The biggest question is how does this perform? Yeah the stack is open source, it uses a driver already integrated into the kernel and is able to run tensorflow, pytorch and caffe but how well does it do that?

Some results are provided from lambda labs for comparsion with the vega 56.

Model / GPU Vega 56 1080 Ti
ResNet-50 145.19 203.99
Inception v3 67.08 130.2
VGG16 80.57 133.16

The Vega GPU is quite about half as fast as the 1080ti on the worst performing model (Inception v3). The result for ResNet-50 is where the gap is the closest and that result was actually achieved by turning on ROCm Fusion. This fusion operation seems to alter the computation graph to combine multiple operations into a single convolution where possible.
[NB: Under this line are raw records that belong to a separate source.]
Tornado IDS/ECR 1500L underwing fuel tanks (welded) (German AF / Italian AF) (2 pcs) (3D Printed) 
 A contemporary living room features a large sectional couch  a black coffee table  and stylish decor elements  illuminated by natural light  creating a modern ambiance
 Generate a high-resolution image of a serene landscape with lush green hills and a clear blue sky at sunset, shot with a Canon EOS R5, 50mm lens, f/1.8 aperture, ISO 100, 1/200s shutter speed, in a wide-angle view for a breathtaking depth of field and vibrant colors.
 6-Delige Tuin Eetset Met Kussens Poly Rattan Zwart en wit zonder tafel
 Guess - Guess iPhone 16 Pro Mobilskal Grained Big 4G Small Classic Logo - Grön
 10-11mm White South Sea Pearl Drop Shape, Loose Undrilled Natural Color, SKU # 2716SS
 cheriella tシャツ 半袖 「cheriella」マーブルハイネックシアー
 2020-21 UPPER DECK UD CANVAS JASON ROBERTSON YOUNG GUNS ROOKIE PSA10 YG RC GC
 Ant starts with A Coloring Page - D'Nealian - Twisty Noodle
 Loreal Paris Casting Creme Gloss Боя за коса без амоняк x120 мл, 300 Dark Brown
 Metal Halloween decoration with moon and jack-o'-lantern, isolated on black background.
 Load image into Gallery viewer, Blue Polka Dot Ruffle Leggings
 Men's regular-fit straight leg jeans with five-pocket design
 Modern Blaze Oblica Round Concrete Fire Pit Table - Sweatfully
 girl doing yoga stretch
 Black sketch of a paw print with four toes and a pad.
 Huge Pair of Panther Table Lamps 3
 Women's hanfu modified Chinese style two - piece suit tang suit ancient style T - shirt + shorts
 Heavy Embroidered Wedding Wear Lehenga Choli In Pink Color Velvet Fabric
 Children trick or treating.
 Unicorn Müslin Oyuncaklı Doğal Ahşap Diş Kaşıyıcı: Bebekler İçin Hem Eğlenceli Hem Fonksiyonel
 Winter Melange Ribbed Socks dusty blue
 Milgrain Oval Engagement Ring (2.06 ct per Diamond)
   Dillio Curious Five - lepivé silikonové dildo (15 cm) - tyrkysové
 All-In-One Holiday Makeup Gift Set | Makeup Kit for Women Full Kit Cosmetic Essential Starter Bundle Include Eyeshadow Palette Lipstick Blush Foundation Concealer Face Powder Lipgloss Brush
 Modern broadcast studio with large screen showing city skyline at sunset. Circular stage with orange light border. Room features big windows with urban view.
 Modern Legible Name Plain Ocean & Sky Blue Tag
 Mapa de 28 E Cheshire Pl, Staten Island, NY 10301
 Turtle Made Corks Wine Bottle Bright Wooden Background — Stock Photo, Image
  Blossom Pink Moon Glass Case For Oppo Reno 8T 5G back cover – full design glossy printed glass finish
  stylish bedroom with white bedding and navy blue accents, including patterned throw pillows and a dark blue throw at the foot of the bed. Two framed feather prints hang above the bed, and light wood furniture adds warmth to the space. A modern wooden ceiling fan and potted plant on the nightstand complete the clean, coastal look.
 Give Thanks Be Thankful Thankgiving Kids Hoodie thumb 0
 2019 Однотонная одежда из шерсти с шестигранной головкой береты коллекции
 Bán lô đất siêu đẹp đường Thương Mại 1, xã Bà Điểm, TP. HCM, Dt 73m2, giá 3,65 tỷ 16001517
To enable this, run export TF_ROCM_FUSION_ENABLE=1 inside the docker container before starting a tensorflow workload. Perhaps the other models would have been closer in performance to the 1080ti with this setting. Unfortunately, I was not able to perform very rigorous testing as I was building this machine for someone else. I would like to try out ROCm Fusion as well as [undervolting and overclocking the card])https://github.com/RadeonOpenCompute/ROCm/issues/463). Undervolting should reduce the amount of heat and fan noise, allowing the card to maintain higher boost frequencies.

Conclusion

While this build wasn't for me, I would certainly build this myself if I had an extra thousand dollars to use on this. After tax and everything the entire build was 996.17. However, the value for performance with the Vega GPU is actually pretty decent. I got the Vega 56 for $320 after tax. Considering that the cursory benchmark results obtained showed the Vega getting anywhere from 50-75% of the performance of a 1080ti at under a third of the price of a 1080ti (most new 1080ti's I see are around $850 at the moment).

In the future, it would be better to compare the cost/performance of the Vega to a lower tier Nvidia GPU like a 1070.